TASK ITEM: Every word of the listing must be returned. Retype it exactly.

INFORMATION:

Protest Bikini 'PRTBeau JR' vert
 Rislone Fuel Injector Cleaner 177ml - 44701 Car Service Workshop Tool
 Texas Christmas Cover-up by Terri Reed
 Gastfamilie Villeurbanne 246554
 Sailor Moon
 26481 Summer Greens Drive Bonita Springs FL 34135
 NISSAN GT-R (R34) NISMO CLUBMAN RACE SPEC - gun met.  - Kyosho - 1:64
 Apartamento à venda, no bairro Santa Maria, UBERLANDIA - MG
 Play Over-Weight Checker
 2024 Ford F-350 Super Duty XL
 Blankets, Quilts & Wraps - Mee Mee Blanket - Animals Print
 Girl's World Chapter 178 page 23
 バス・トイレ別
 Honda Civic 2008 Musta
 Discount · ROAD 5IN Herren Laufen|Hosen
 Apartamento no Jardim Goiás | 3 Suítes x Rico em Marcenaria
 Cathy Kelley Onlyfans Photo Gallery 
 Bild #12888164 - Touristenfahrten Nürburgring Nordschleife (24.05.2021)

THE ANSWER:
Protest Bikini 'PRTBeau JR' vert
 Rislone Fuel Injector Cleaner 177ml - 44701 Car Service Workshop Tool
 Texas Christmas Cover-up by Terri Reed
 Gastfamilie Villeurbanne 246554
 Sailor Moon
 26481 Summer Greens Drive Bonita Springs FL 34135
 NISSAN GT-R (R34) NISMO CLUBMAN RACE SPEC - gun met.  - Kyosho - 1:64
 Apartamento à venda, no bairro Santa Maria, UBERLANDIA - MG
 Play Over-Weight Checker
 2024 Ford F-350 Super Duty XL
 Blankets, Quilts & Wraps - Mee Mee Blanket - Animals Print
 Girl's World Chapter 178 page 23
 バス・トイレ別
 Honda Civic 2008 Musta
 Discount · ROAD 5IN Herren Laufen|Hosen
 Apartamento no Jardim Goiás | 3 Suítes x Rico em Marcenaria
 Cathy Kelley Onlyfans Photo Gallery 
 Bild #12888164 - Touristenfahrten Nürburgring Nordschleife (24.05.2021)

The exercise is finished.